This quotation is hardly apropos of a situation where plaintiff, having itself interposed the "legal technicality" of separate corporate identity and separate corporate obligations of Cortland and Safeway on the original debentures and indenture for its own corporate purposes, now seeks to turn this "two-edged sword" into a "technical legal shadow."
In 1956 the Supreme Court, in holding that certain promissory notes were not subject to documentary stamp tax on bonds, debentures, and certificates of indebtedness, stated:
"* * * These taxes are based not upon the nature of the transaction involved, but upon the character of the instruments employed. As long ago as 1873, this Court said: `The liability of an instrument to a stamp duty, as well as the amount of such duty, is determined by the form and face of the instrument, and cannot be affected by proof of facts outside of the instrument itself.'" United States v. Leslie Salt Co., 350 U.S. 383, at page 396, 76 S.Ct. 416, at page 423, 100 L.Ed. 441.
From all of these facts we conclude that the original obligation of plaintiff Safeway under the 1954 indenture, was a secondary and collateral promise as a guarantor by Safeway to pay the Cortland debentures.
The new obligation of plaintiff Safeway under both the 1956 debentures and the trust indenture was a single, direct and primary obligation.
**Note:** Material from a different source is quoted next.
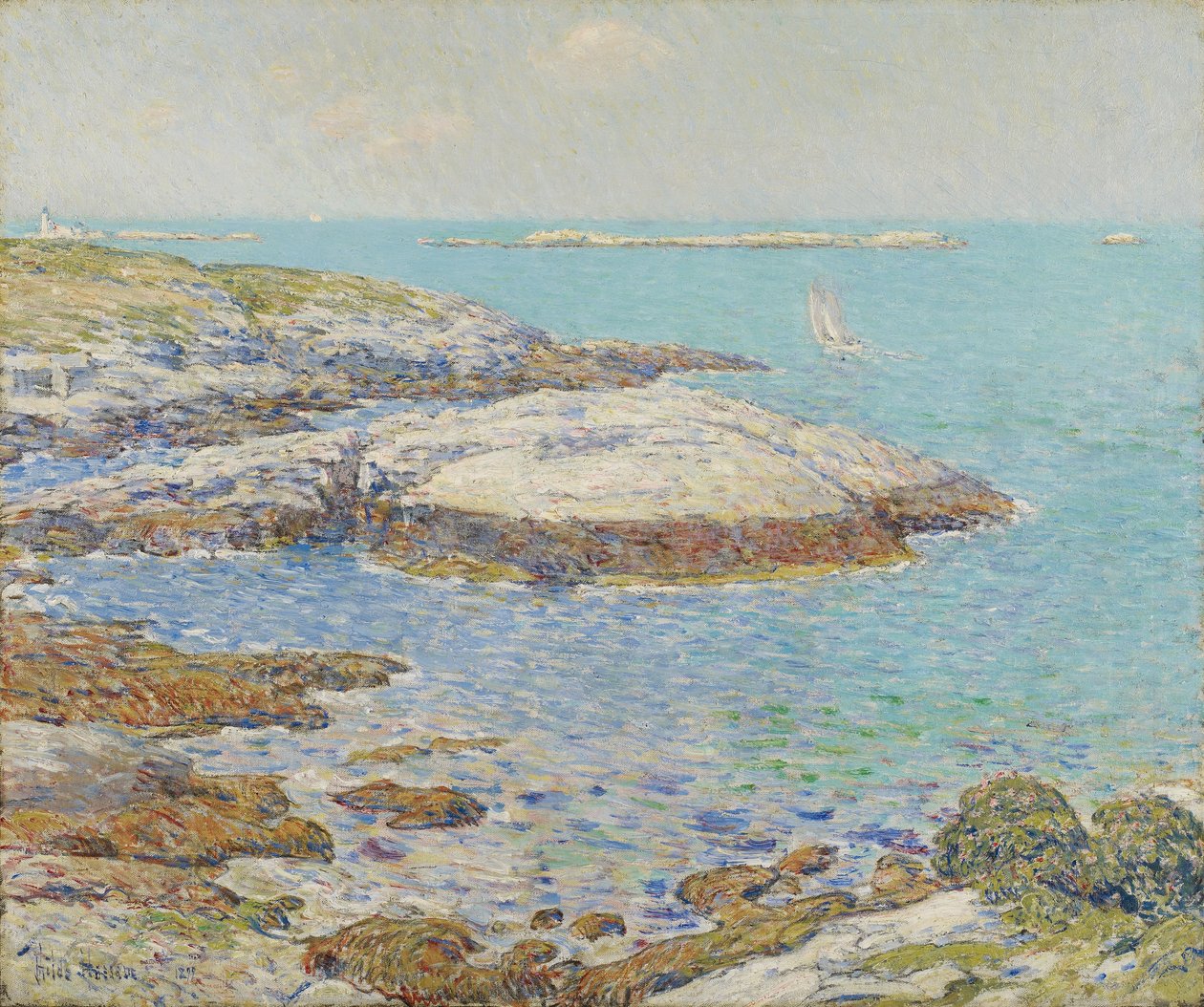Isles of Shoals af Childe Frederick Hassam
Therefore, the issuance of the new debentures and the execution and delivery of the new indenture constituted a "new issue" of corporate certificates of indebtedness by plaintiff Safeway, subject to tax under Sections 4311 and 4313 of the Internal Revenue Code of 1954.
Plaintiff is not entitled to recover, and its petition is dismissed. Judgment will be entered for defendant.
JONES, Chief Judge, and DAVIS, Judge, concur.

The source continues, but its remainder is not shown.